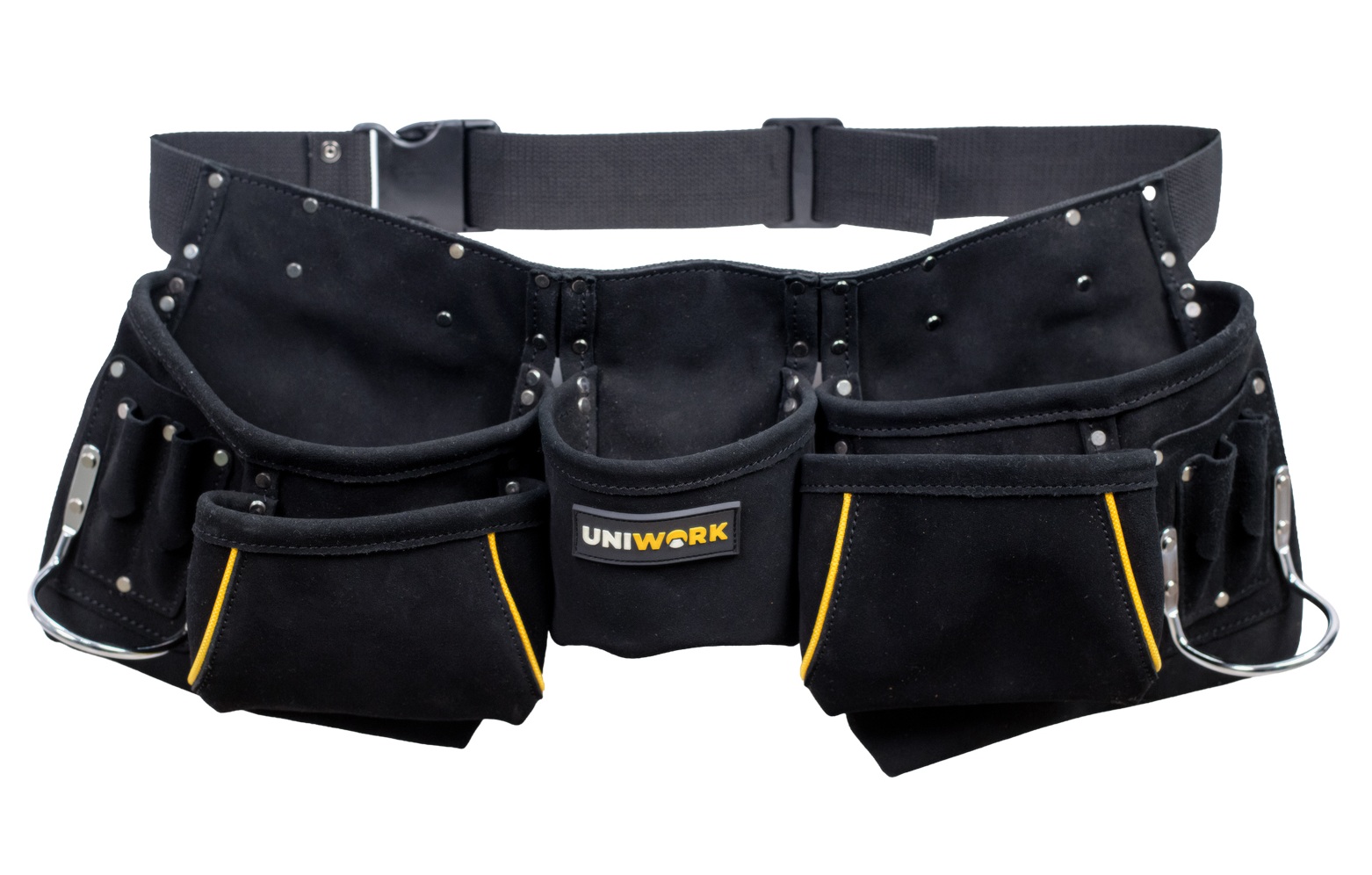 Uniwork Suede Leather 11-Pocket Carpenter's Tool Belt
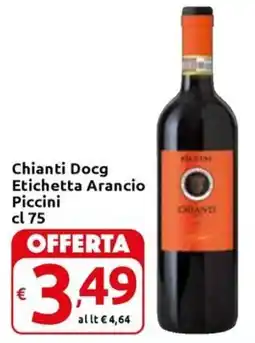 Carrefour Express Chianti Docg Etichetta Arancio Piccini offerta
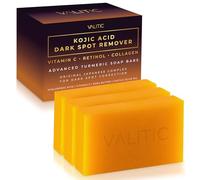 VALITIC - Kojic Acid Soap Stick to Remove Dark Spots, Vitamin C, Retinol, Collagen and Turmeric (Original Japanese)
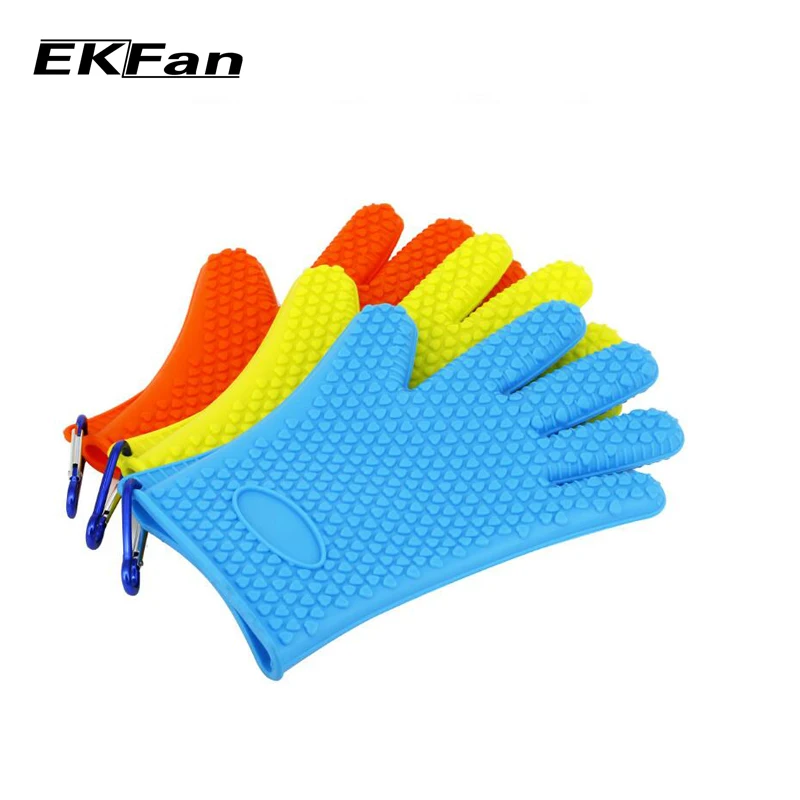 

EKFan Catch Fish Gloves Rubber Anti-cut Anti-slip Fishing Gloves Hand Protection Fishing Tackle Box Accessory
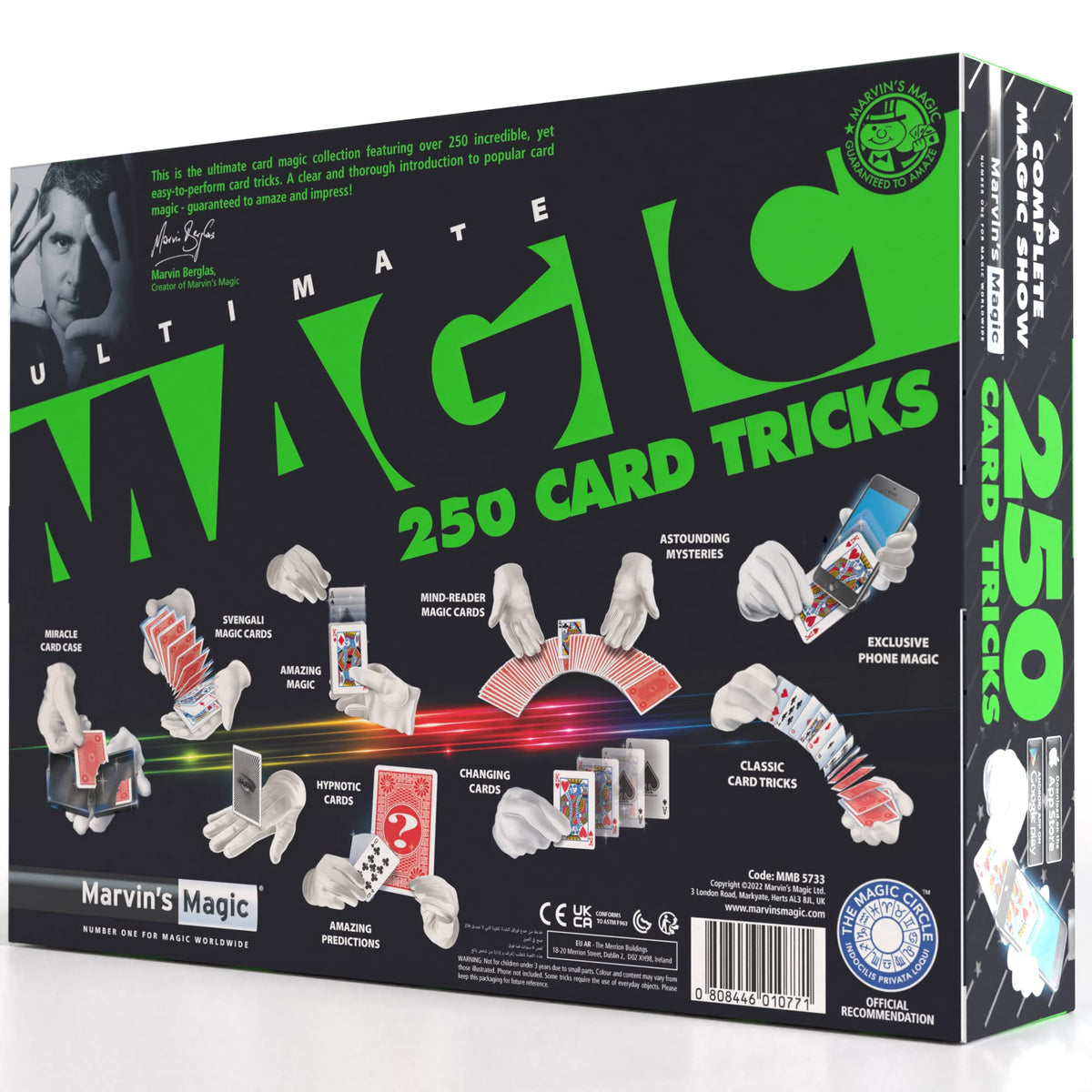 Marvin's Magic Ultimate 250 Card Tricks Set family entertainment for gatherings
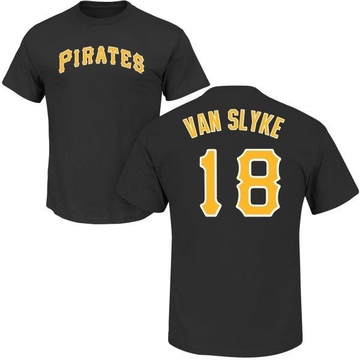 Youth Pittsburgh Pirates Andy Van Slyke ＃18 Roster Name & Number T-Shirt - Black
+-------+
**The task:** Keeping pictures out, repeat exactly the lines from the one containing "VALITIC - Kojic" through the end of the listing.

**Task answer:**
 VALITIC - Kojic Acid Soap Stick to Remove Dark Spots, Vitamin C, Retinol, Collagen and Turmeric (Original Japanese)

EKFan Catch Fish Gloves Rubber Anti-cut Anti-slip Fishing Gloves Hand Protection Fishing Tackle Box Accessory
 Marvin's Magic Ultimate 250 Card Tricks Set family entertainment for gatherings
 Youth Pittsburgh Pirates Andy Van Slyke ＃18 Roster Name & Number T-Shirt - Black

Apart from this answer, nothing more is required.